Из-под моста без малейшего плеска возникла черная голова.

Жутковатый звук оборвался; нутрия остановилась в нерешительности, но звук возник опять, громче и настойчивее, и беглянка направилась к берегу, выбралась на песок, потом на траву, покорно заковыляла, волоча мокрый голый хвост, и ошалевшему Гаю потребовался выразительный взгляд Крысолова — тогда он опомнился и захлопнул за пленницей дверку.

— Вот и все… Ты что же, парень, и не рад?..

— Спасибо…

Крысолов протирал свою дудку цветным лоскутком; даже не глядя не него, Гай ощущал на себе насмешливый взгляд.

— Можем ехать, — сообщил он, глядя вниз.

— Пустишь меня в кабину — или пассажиру к нутриям идти?..

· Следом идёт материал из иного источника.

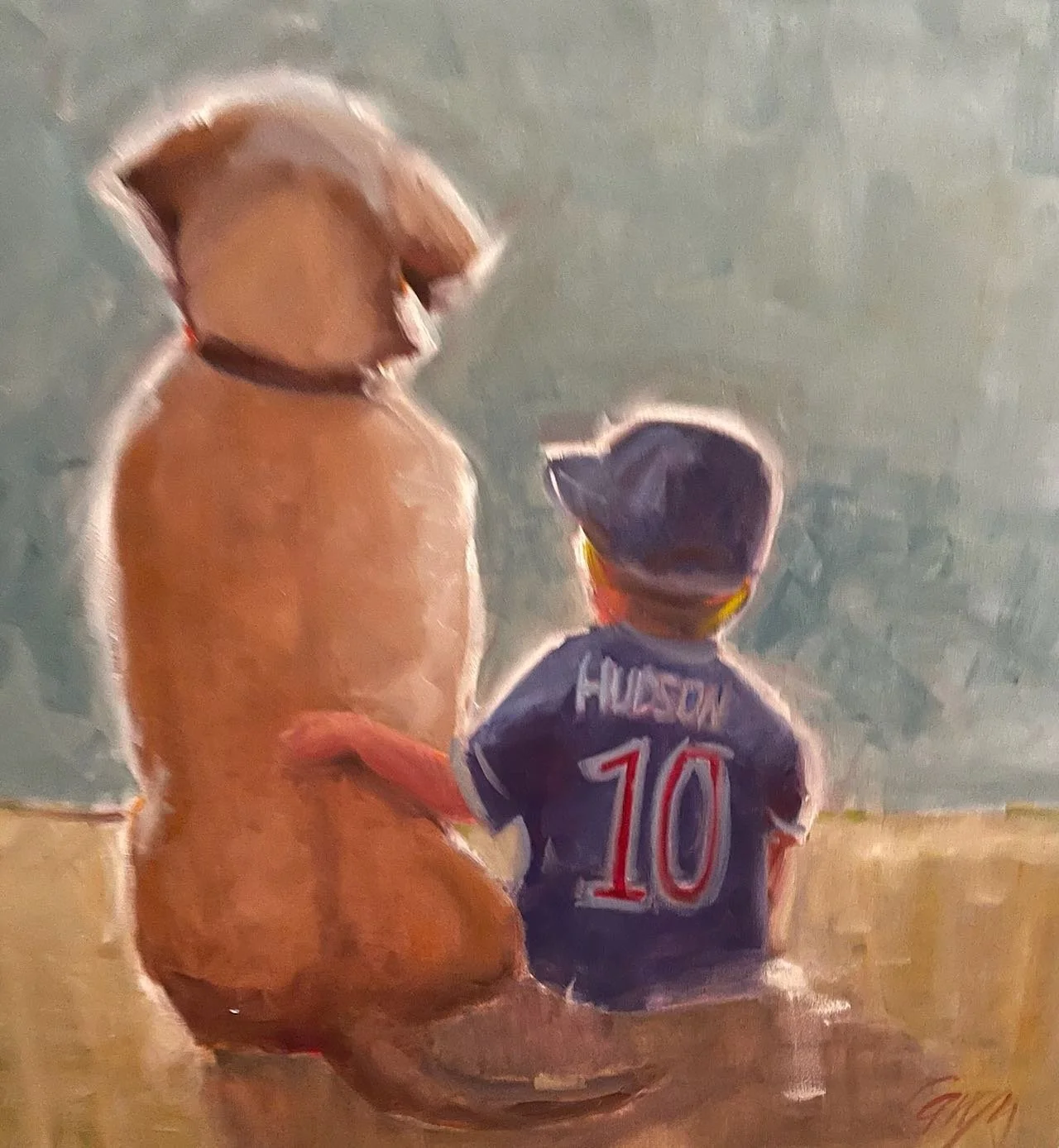 &quot;Dreaming Big&quot; &amp; go Braves!!! 💙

Гай изобразил слабое подобие улыбки.

Дорога на Лур, прозванная Рыжей Трассой из-за постоянной, вездесущей желтой глины, знавала и лучшие времена. Когда-то здесь было оживленно, даже тесно, когда-то вдоль обочин толпились кемпинги и закусочные, и любая выбоина немедленно зализывалась, словно языком; трасса, возможно, и помнила былые дни — в отличие от Гая, который слишком молод и тех времен не застал. Теперь дорога изменилась — можно ехать целый день и не встретить ни человека, ни машины; за эту возможность спокойного одиночества Гай, собственно, и любил Рыжую Трассу.

Навстречу тянулись рощицы и перелески, холмы, поля, пустыри; иногда попадались заброшенные кладбища со вросшими в землю крестами, но чаще — железные скелеты придорожных строений. Иногда бросался наутек заяц, или мелькала в траве лисья спина, паслись одичавшие козы, меняли свою форму облака, водили хоровод дальние и ближние деревья, неизменным оставался только горизонт. Справа петляла река, то подбираясь к дороге вплотную, то убегая в сторону; Гай любил Рыжую Трассу, и даже сейчас она действовала на него успокаивающе. Как дружеская рука — не трусь, мол, обойдется…

Сначала путники ехали молча, Гай сидел, съежившийся и напряженный, и делал вид, что целиком поглощен дорогой. Но день, как на грех, был таким ясным и ярким, а небо таким невозможно синим, а мир вокруг так обласкан солнцем, что все страхи и опасения постепенно выцвели, поблекли, сделались неуместными и почти смешными. Все эти легенды, бодро думал Гай, хороши ночью у камина, а в полдень не отягощайте меня «актуальным фольклором», никакого, понимаете, эффекта… И, уверившись в собственном спокойствии, Гай повеселел, перестал хмуриться и принялся исподтишка разглядывать собеседника.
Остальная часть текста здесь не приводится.